Transforming Naturally Occurring Text Data Into Economic Statistics - The Case of Online Job Vacancy Postings

Arthur Turrell and Co-Authors, 2019

This paper might go a bit beyond the bounds of a the ‘computational demography’ field, but I want to talk about it nonetheless! It’s also not irrelevant. The authors use a dataset of 15 million job adds to develop a measure of job vacancy flows and quantify the ‘tightness’ of the UK labor market. ‘Tightness’ is the ratio of the number of current job vacancies to the number of unemployed workers. It’s an important measure in some sub-fields of labor economics, but it might also be of interest to demographers who study people’s decisions about entry and exit the labor market.

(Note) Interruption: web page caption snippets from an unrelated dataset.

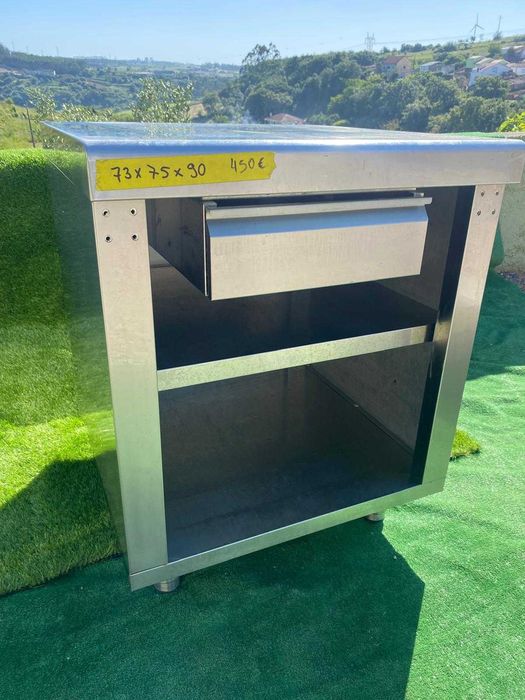 Bancada inox neutra com gaveta e prateleira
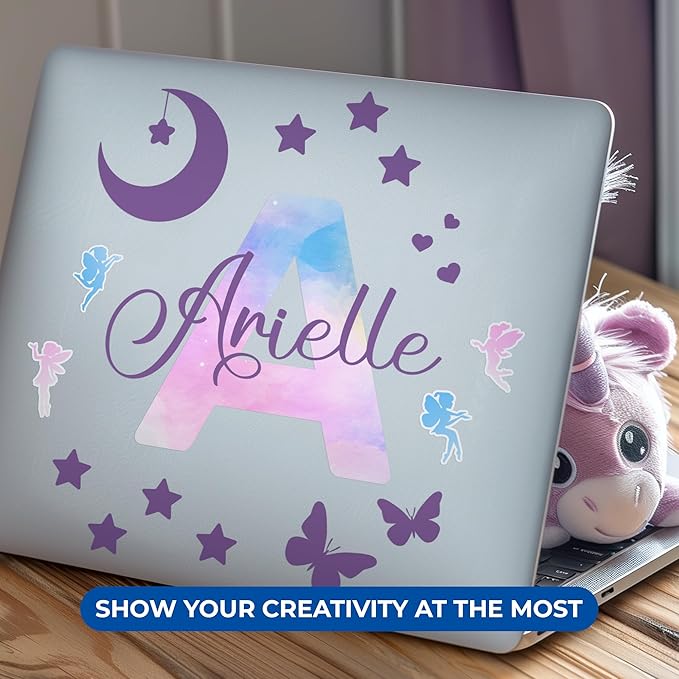 Custom Stickers Name Wall Decor I Personalized Name Sign for Room Decor | Multiple Custom Name & Initial I Decal for Baby Girl Nursery Decor I Nursery Wall Decal for Baby (A. Pink and Blue Sky)-Ruum Studio Home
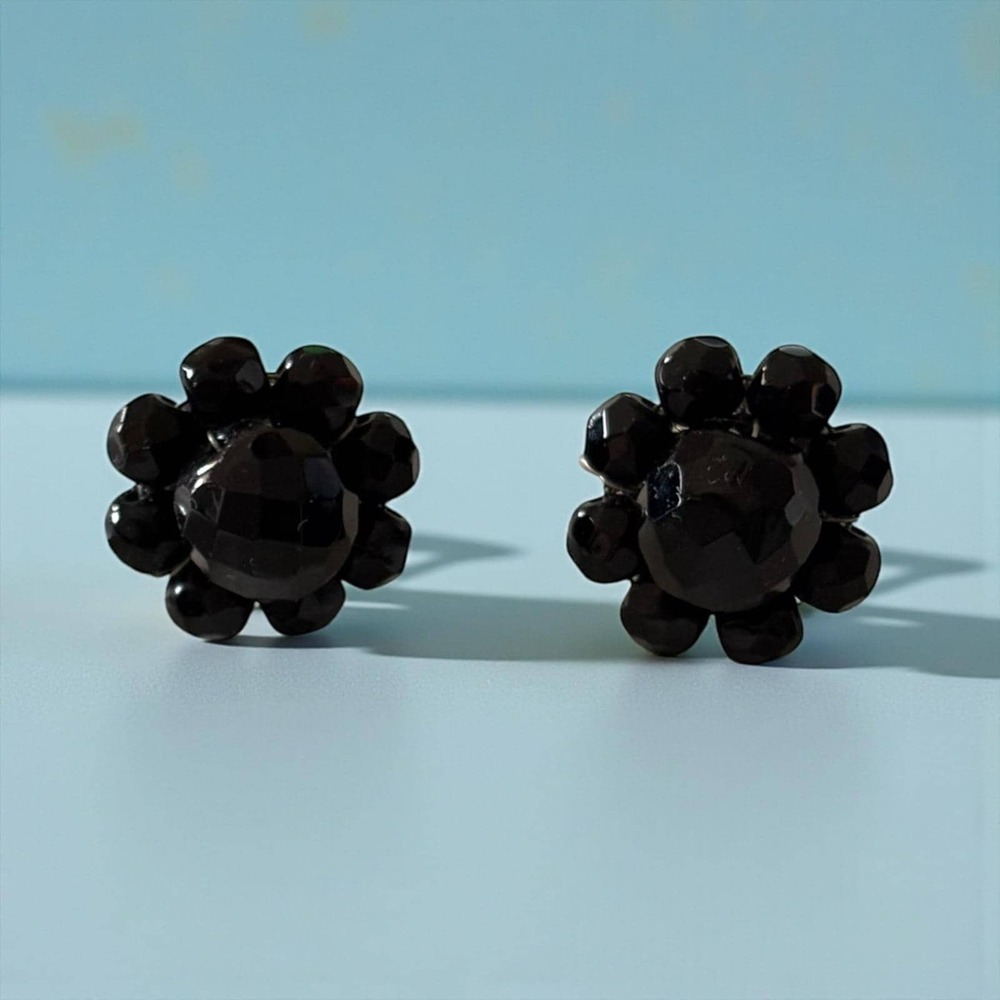 Vintage Black Faceted Cluster Screw Back Earrings Mid Century Glass Floral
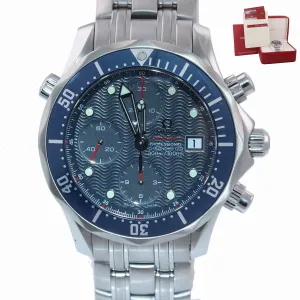 PAPERS Omega Seamaster 300M 2225.80.00 Blue 41.5mm Steel Chronograph Date Watch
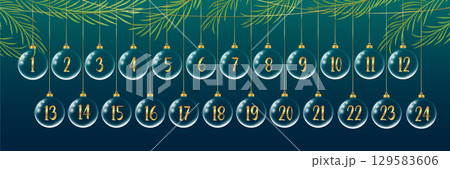 advent calendar with hanging christmas balls in white and golden colors vector illustration advent calendar with hanging christmas balls in white and golden colors vector illustration 129583606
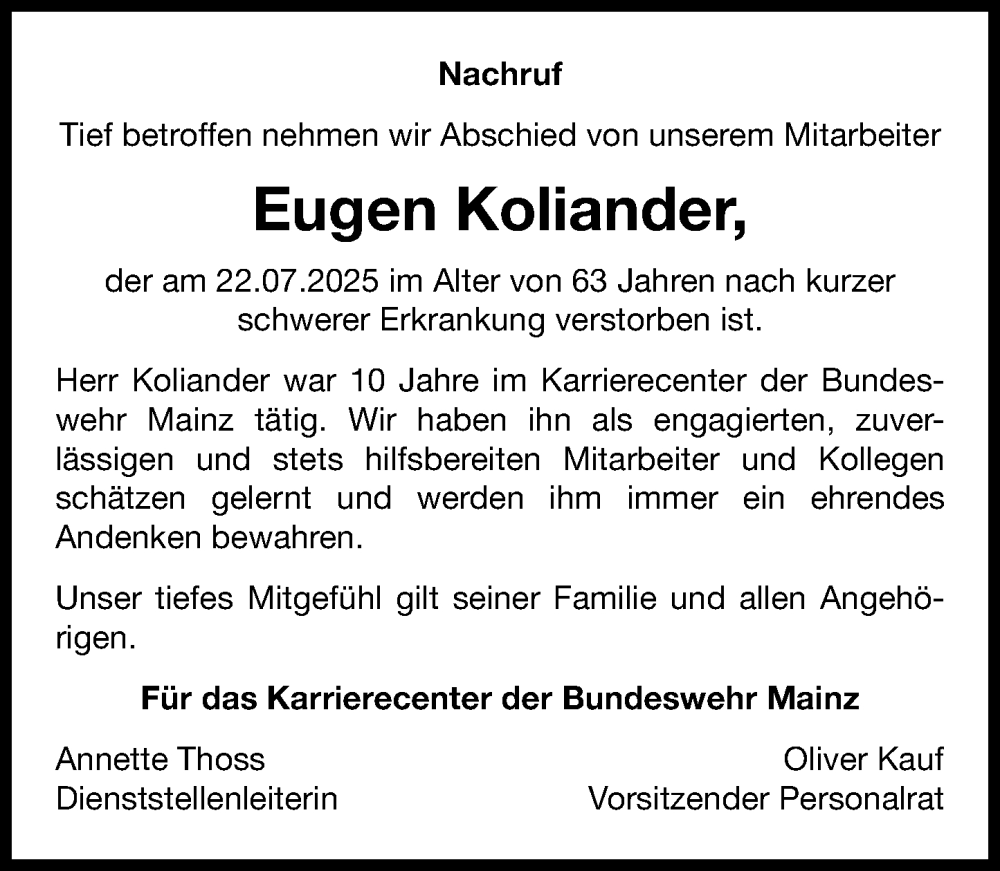  Traueranzeige für Eugen Koliander vom 08.08.2025 aus Hochheimer Zeitung
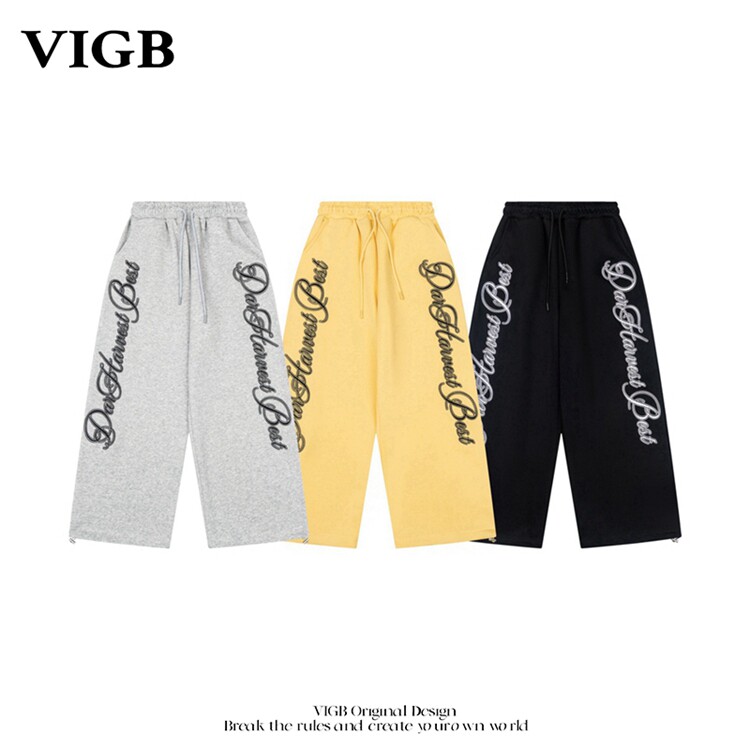 VIGB 原创国潮美式复古街头设计抽绳卫裤新款嘻哈hiphop运动长裤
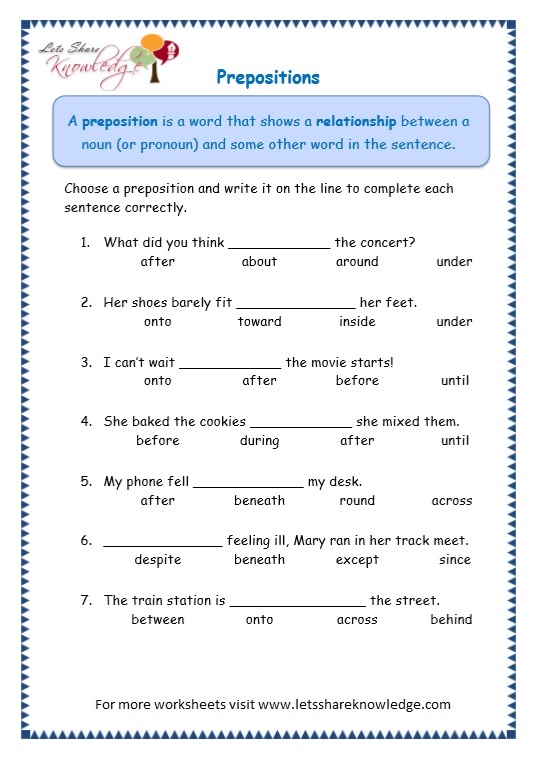 Grade 3 Grammar Topic 17 Prepositions Worksheets Lets Share Knowledge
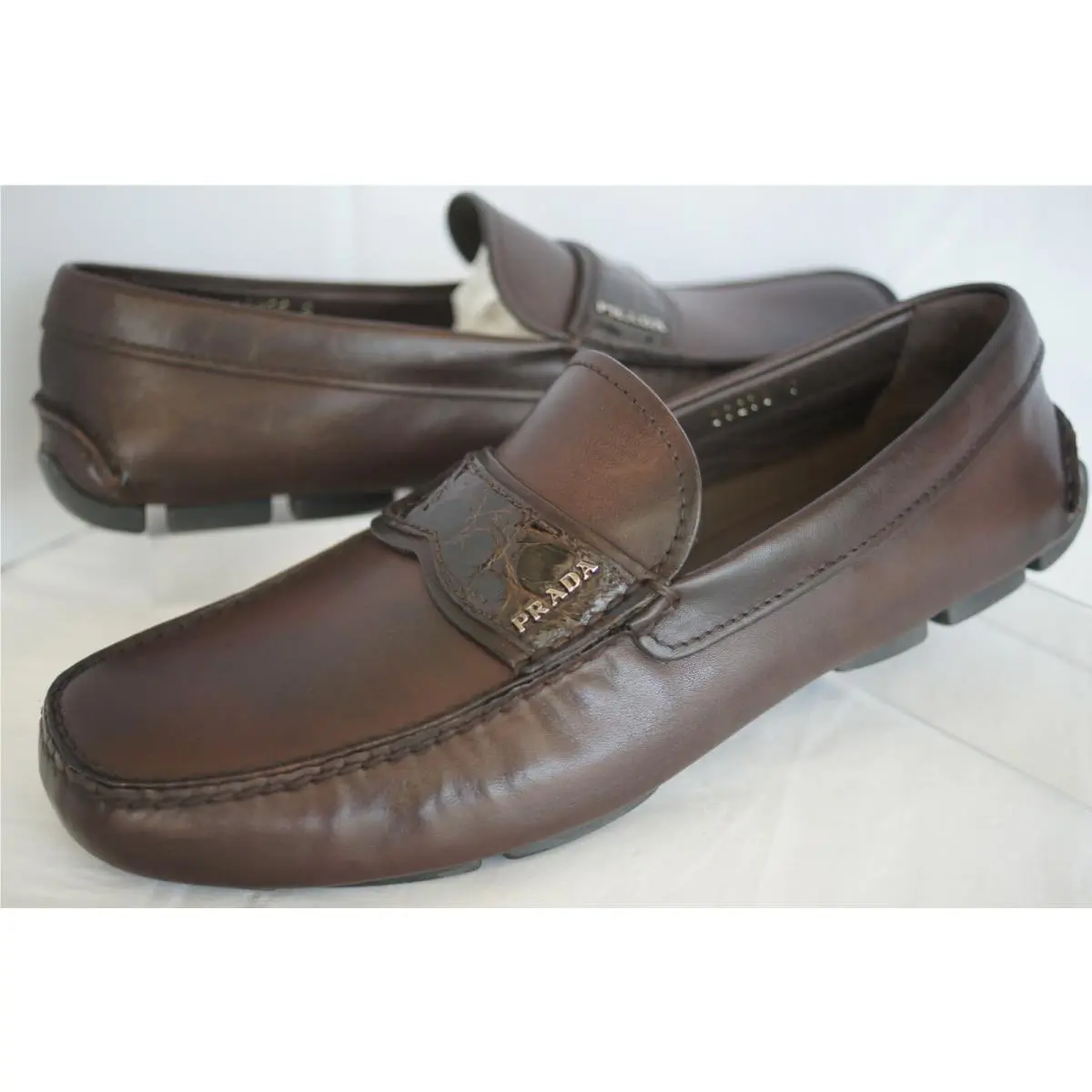 Prada Men`s Shoes Loafers Size 9 Browne Drivers Calzature Uomo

There are several interesting components of this paper. Perhaps its most innovative aspect, at least for this reading list, is the way it applies NLP tools can be used to construct measures of important economic or demographic variables from unstructured data. Here, the authors match jobs to SOC occupation codes by comparing the text descriptions posted by employers to the text descriptions of the SOC occupations. The full algorithm is as follows:

  1. First, check if the job title from an ad matches exactly to a SOC occupation. If so, assign it as an exact match. This step seems reasonable, although it’s certainly true that different companies can use different tasks to assign the same job. For instance, from company to company what distinguishes a data engineer from a data scientist may not be the same.

  2. In the absence of an exact match, the authors seek to match based on the text description of the ad. They first convert the full text description of the job into a Bag-of-words (BOW) representation weighted by term-frequency inverse-document frequency (TF-IDF). BOW representations convert a document into one-dimensional vector with length equal to the size of the total across the full corpus of text. For each document, the entries in the vector count the number of times each word occurs in that vector. Using TF-IDF weighting means that words are not entered in the bag-of-words as simple frequencies. Instead, they are weighted in such a way that magnifies the importance of rare words and limits the importance of very common words. This is one of many ways bring out the most meaningful text components of a document.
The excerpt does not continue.